A Hero for the Americas by Robert Calder

It’s not easy writing the biography of someone for whom virtually no historical evidence exists – I should know, because I’ve just done it with Warrior: A Life of War in Anglo-Saxon Britain. But at least with the warrior, we had a body. In trying to tell the life of Gonzalo Guerrero, Spanish conquistador turned Mayan guerilla, Calder doesn’t even have that: the body that, possibly, ends the story was never kept by the Spaniards who found it, a European in Mayan undress, killed by an arquebus ball. Indeed, the only direct testimony we have of Gonzalo’s life among the Maya was from a Spanish Franciscan, de Aguilar, who was himself captive for seven years. With de Aguilar’s escape, all direct testimony of Gonzalo ends: all that is left is legend and reconstruction. But while it is speculative, Calder does a very good job of constructing a plausible case for why a Spaniard might have decided to throw in his lot with the Mayans. The evidence that Gonzalo was the military and tactical genius directing their unexpectedly ferocious and skillful defence against the Spanish depends to a large degree, however, on the supposition that the Mayans could not have worked out their new tactics themselves. War is the great driver of innovation and I suspect the tactics of misdirection, subterfuge and ambush that the Mayans used against the Spanish on the Yucatan Peninsula were the results of their own reappraisal of what was necessary to try to stop the Spanish with their advantages in firepower. Calling on Gonzalo as the explanation does tend to smack of requiring a white man to explain why the natives were doing such a good job of stymying another lot of white men.

The book is very good on the wider context of the Spanish conquest of the Americas (although I could have done with a bit less of the post-modern obsession with competing narratives), and almost succeeds in bringing this most obscure of heroes to life.

Adventures in Bookland: Jamaica Inn by Daphne du Maurier

Jamaica Inn by Daphne du Maurier

‘It was a dark and stormy night…’ A bit of a cliche, but then Daphne du Maurier trades on Gothic-novel cliches in Jamaica Inn, running with them and, in most cases, turning the dial up to 11: orphaned heroine, check; lonely, windswept location, check (the titular inn, atop Bodmin Moor); winds, storms, lightning, check; emotions as wild as the weather, check; a dastardly villain, check. But du Maurier gets away with it all through the sheer quality of her writing – the Moor is a character in its own right, and the weather is another – and the sheer fun she has in ramping it all up to the max and then keeping it there. Great fun and highly recommeded, particularly if you’re visiting the area.

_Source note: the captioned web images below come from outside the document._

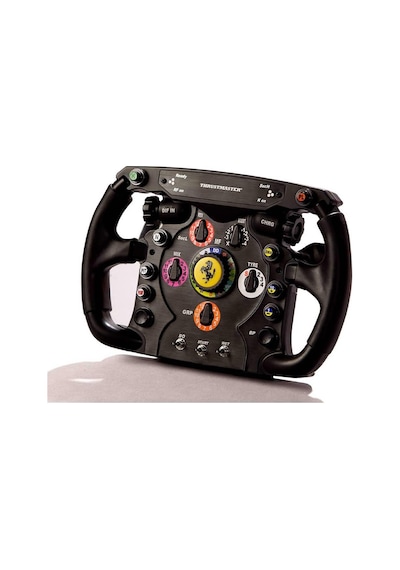 Thrustmaster Ferrari F1 Yarış Direksiyonu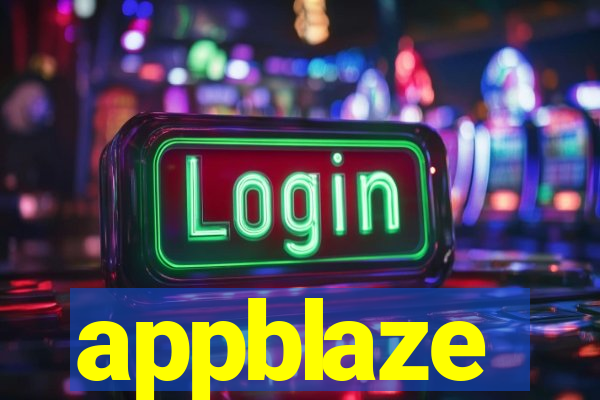 appblaze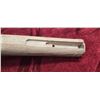 Image 5 : WINCHESTER 76 CARBINE BUTT STOCK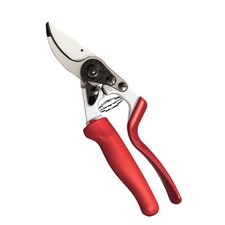 Felco model secateurs d'occasion  Expédié en Belgium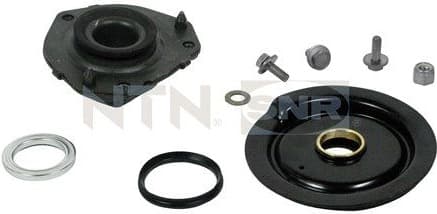 Repair Kit, suspension strut support mount KB659.24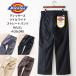 DICKIES T/Ctsu il широкий распорка DICKIES Dickies 
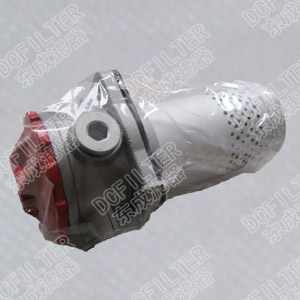 RFA-25*10L过滤器 黎明液压油（yóu）滤器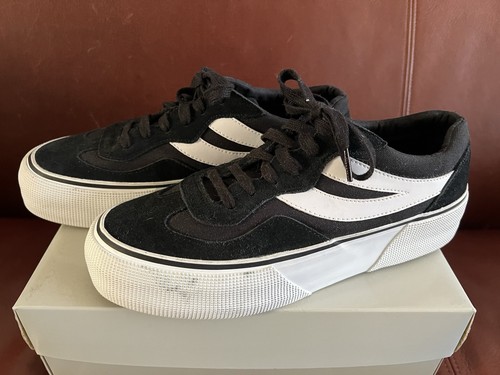 Sneakers superga donna 3041 - sneakers,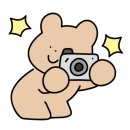 운주골한우가마솥국밥 이미지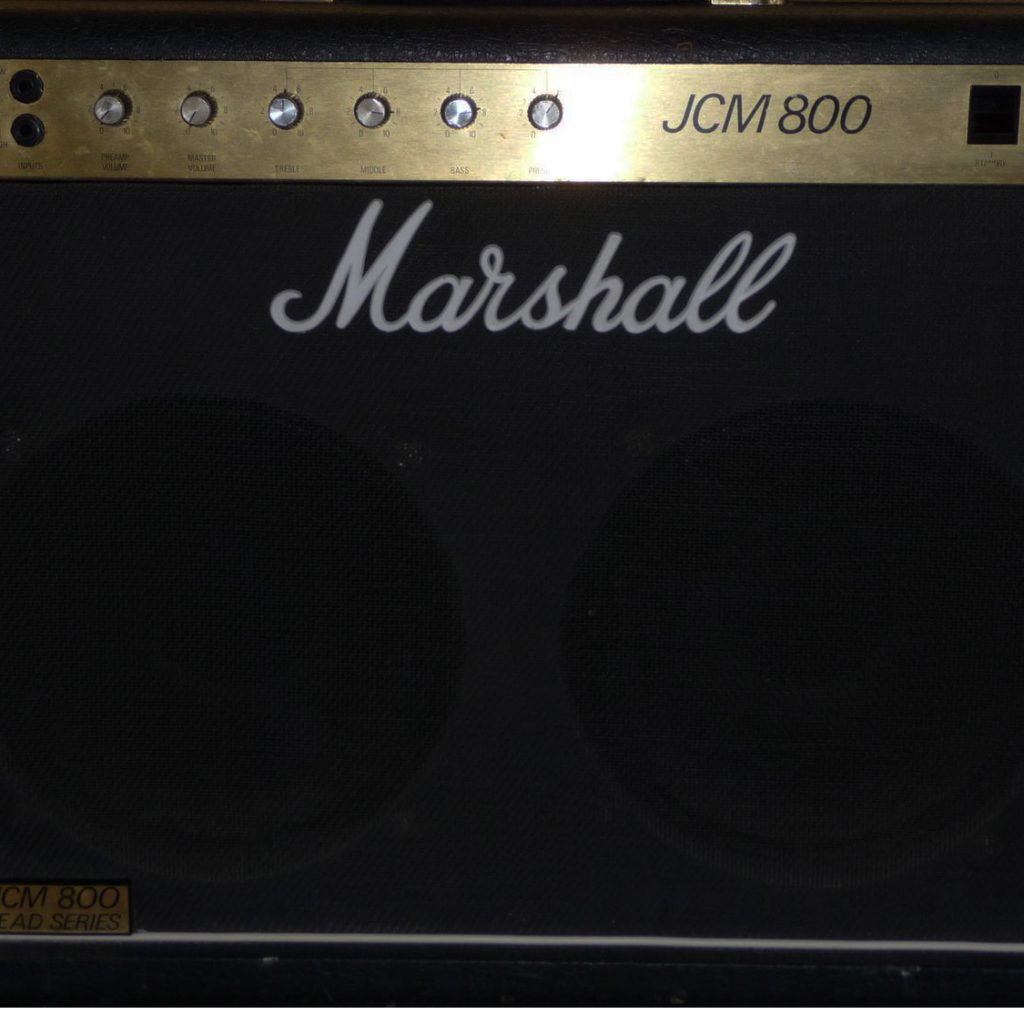 Marshall212combo
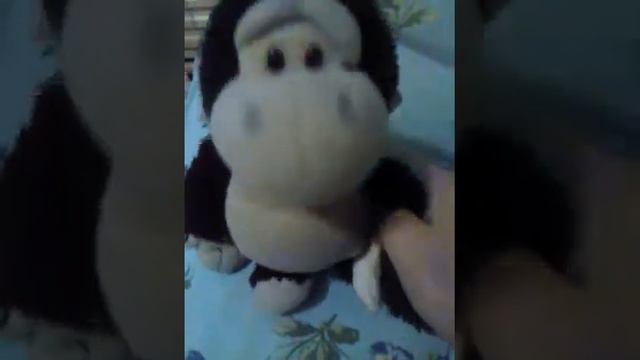 Моя спальня мой пк смотреть онлайн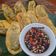Cooksnap dari _Vifa untuk resep Tahu aci Slawi/Tegal (#pr_jajanandaerah)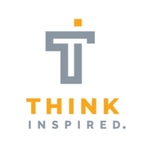 Think Inspired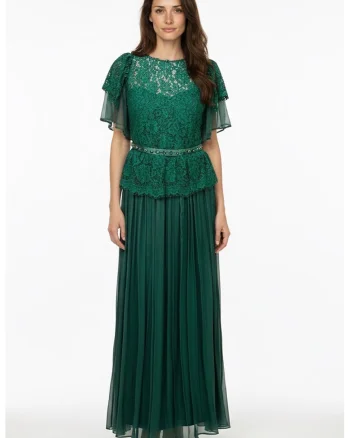 Rochie Maelle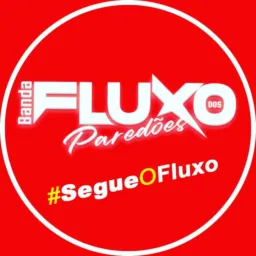 😻FC OFC Fluxo Dos Paredões😻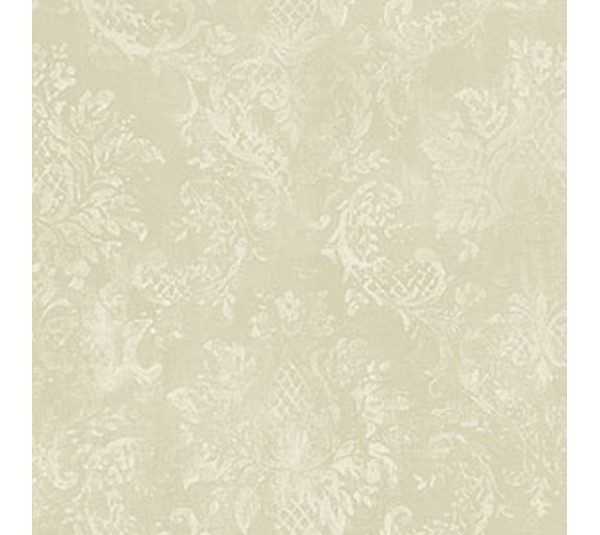 обои Aura Stripes and Damasks SD36104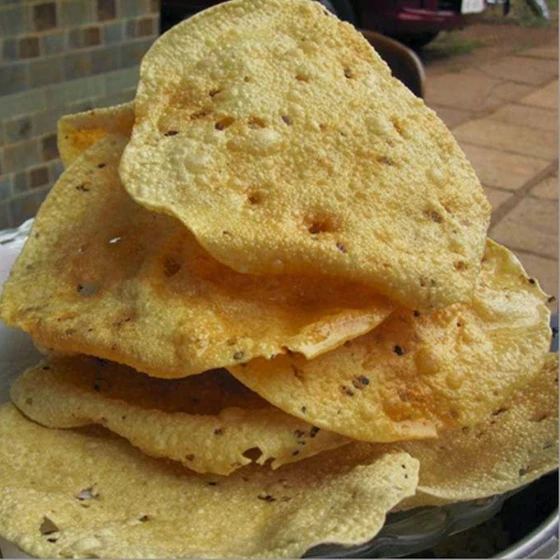 masala-crunchy-papads-2.webp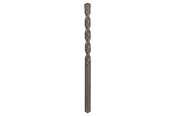 Poranterät & Ruuvauskärjet - Bosch Betoniporanterät CYL-3 6 x 60 x 100 mm, d 5,5 mm - 2608597706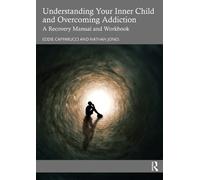 Eddie Capparucci Nat Understanding Your Inner Child and Overcoming (Tascabile)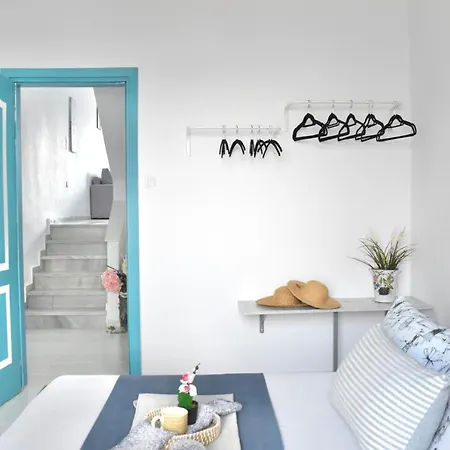 Triplex Alessandra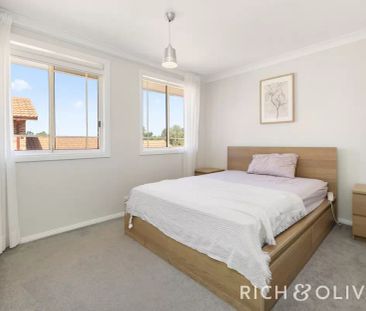 2/66-70 Hampton Street, Croydon Park - Photo 3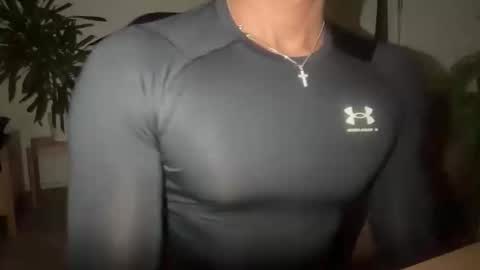 machine_15_ online show from 04-09-26, 08:47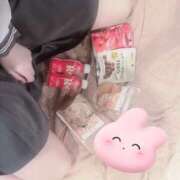 ヒメ日記 2025/07/21 14:12 投稿 うら ホワイトハウス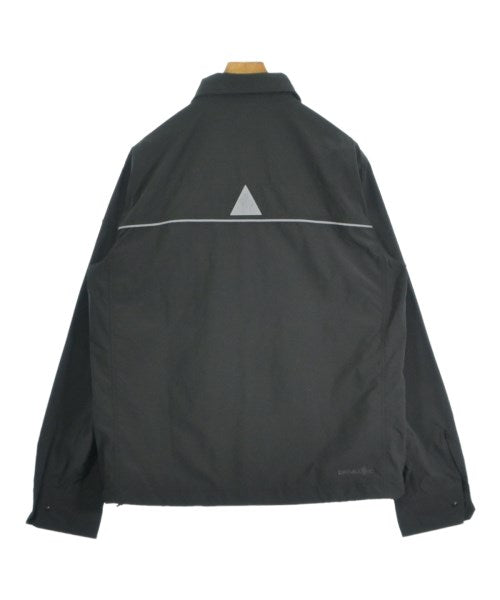 MONCLER GRENOBLE 其他飛行外套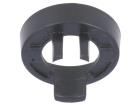 A5116000  Electromechanical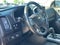 2020 Chevrolet Colorado ZR2 - TURBODIESEL / HEATED SEATS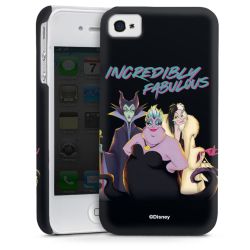 Premium Skyddskal blank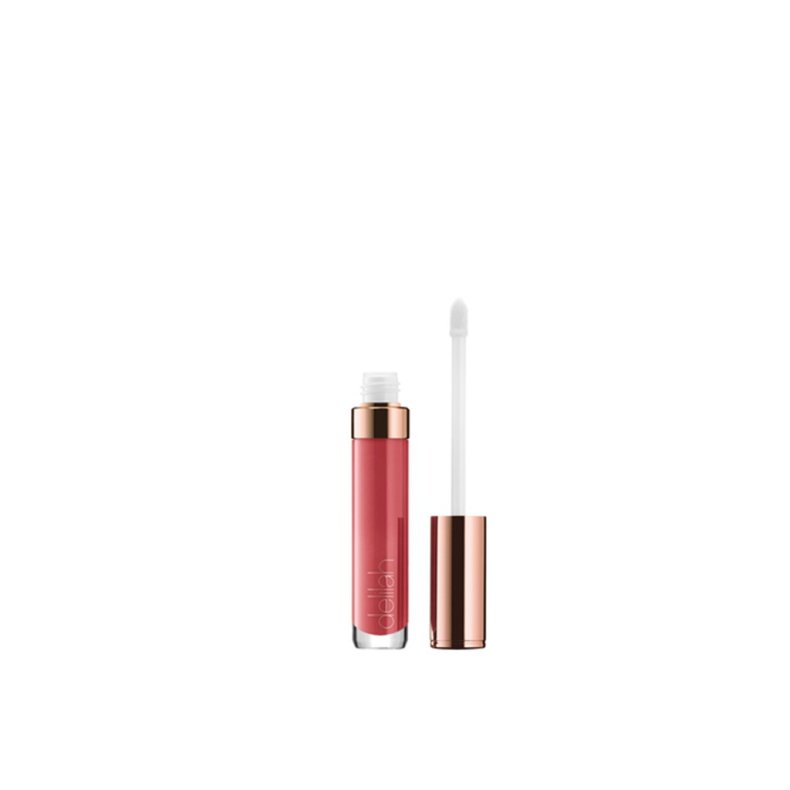 DELILAH LIPGLOSS, AMALIE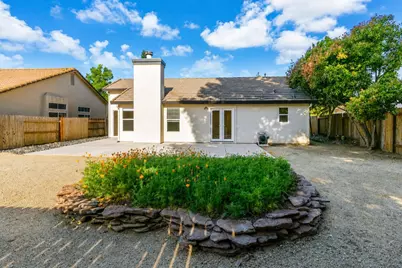 1826 Avenida Martina, Roseville, CA 95747 - Photo 35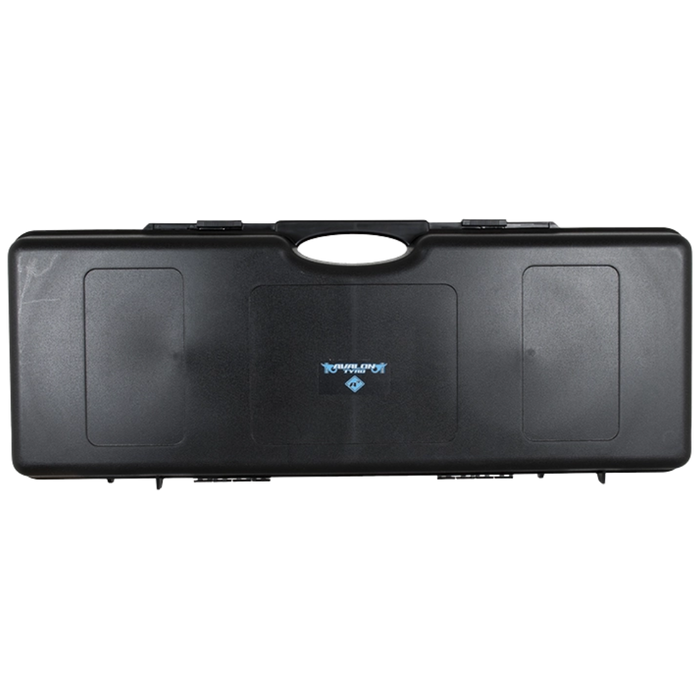 Avalon Tryo Recurve Bow Case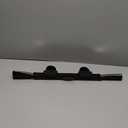 Retractable Car Sun Shade, Retractable Car Sun Shade 70cm Width Windshield Cover Aluminium Foil with Suction Cup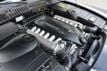 1999 Rolls-Royce Silver Seraph Base Trim - 23020173 - 60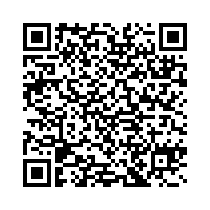 QR Code https://www.principocket.com/fr/events/7d1a98cd3885ff6f4b300a74c8dc490a-Creer-et-gerer-votre-boite-mail-monaco-mc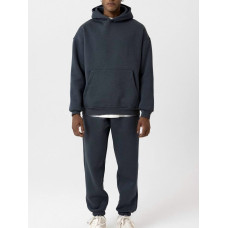 Базовий oversize костюм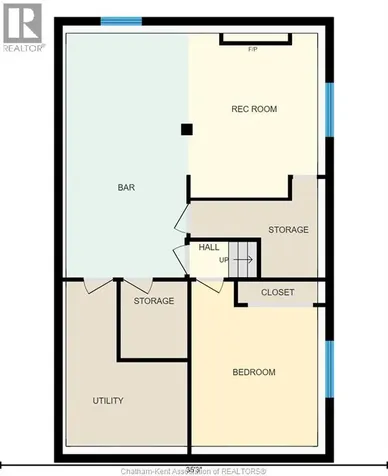 210 Chatham Street North Blenheim ON N0P 1A0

Adventures in Bookland: Code of the Skies by Graeme Lyon

Code of the Skies

Code of the Skies is a thoroughly entertaining, picaresque romp through some of the vast geographical possibilities of the new(ish) Warhammer Age of Sigmar universe. Dwarves in flying boats. Floating mountains. More dwarves, or duardin as Black Library now insist on labelling short, stocky bearded characters (be they male or female) with a penchant for digging things up and holding grudges. Great fun.